# Frogs & Toads > Aquatic Clawed Frogs >  Are African Dwarf Frogs right for me?

## d20nerd

I am new here and I have come to learn.  My experience with pets is almost solely with dogs and birds.  I have a weenie dog named Chloe and 2 zebra finches named Aristotle and Socrates.  I decided to get an aquarium a little over the year ago and I started with a betta fish who I named Freud.  Unfortunately, Freud passed away a few days ago.  I had him for a little over a year so he lived a long happy life for a betta.  He was healthy and happy in a 3 gallon filtered tank heated to a cozy 80 degrees.  I am cleaning out the tank and redecorating it.  I plan to make it into a home for a new critter or two.  I have done lots of research online the past two days and if I am understanding correctly, my 3 gallon tank could potentially be a comfy home for 2 African Dwarf Frogs.  

The tank does have a hood cover with a light inside.  It's a filtered tank.  The filter is very quiet and the intake valve is covered so the frog would not be able to get inside it.  My betta had very long fins and had no trouble swimming around (their fins don't tolerate strong currents) and his fins never got caught in the intake.  I don't think the frogs would be disturbed by the filtration.  I've heard vibration and currents can be disruptive for them.  It's not a very deep tank and I'm used to leaving an inch or two of space between the water and lid because bettas also swim to the surface to breathe air.  When I had my betta, I cleaned out the tank and did a partial water change about once a month.  Would this process likely be the same with a couple of ADFs?  

What about adding mystery snail?  With the betta, I had slight algae issues between tank cleanings and I know that with the frogs, I'd have to leave the light on longer during the day than I did with the betta (they are quite cozy in the dark).  I thought perhaps if I got a snail too, it would help keep any algae in check.  Would that be okay, or would it be overcrowded with potentially too much waste?  If anybody has knowledge or experience with mystery snails, I'd appreciate enlightenment on those as well.  From what I've read, they are compatible with ADFs.

How often do the frogs need to be fed?  Some sources I've come across say feed them once or twice a day, other sources say to feed them every other day.  I'd just like to know any information, tips, or whatever anyone can teach me.  I thought it would be helpful to talk to people with experience in owning these critters.  I appreciate any help. 

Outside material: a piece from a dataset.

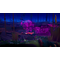 Endling - Extinction is Forever / PlayStation 4 | Techbox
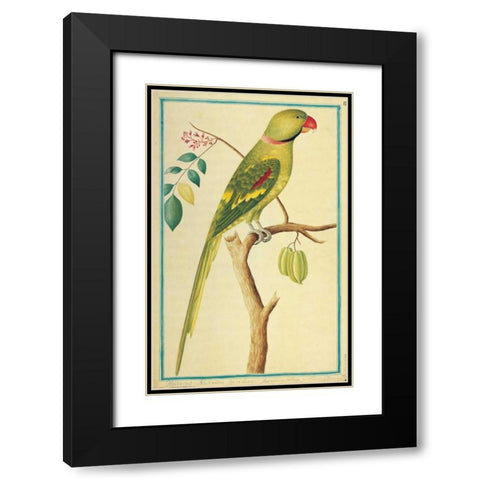 Alexandrine Parakeet, Right facing Black Modern Wood Framed Art Print with Double Matting by De Bevere, Pieter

I like to research any pet before I get it.  I want my pets to have the best home possible.  I don't have (or want) children, so my pets are like my children.  I want to make sure I can provide a good home for any critter I bring into the house.  If the frogs aren't right for me, I can always get another betta instead.  I just thought it would be interesting to try something new.  And I've always liked frogs.

----------


## Autumn

Here is a reliable article that should answer most of your questions above. I am not an expert in keeping African Dwarf frogs, but had a friend who owned one and followed the guidelines below. Hope this helpsJ!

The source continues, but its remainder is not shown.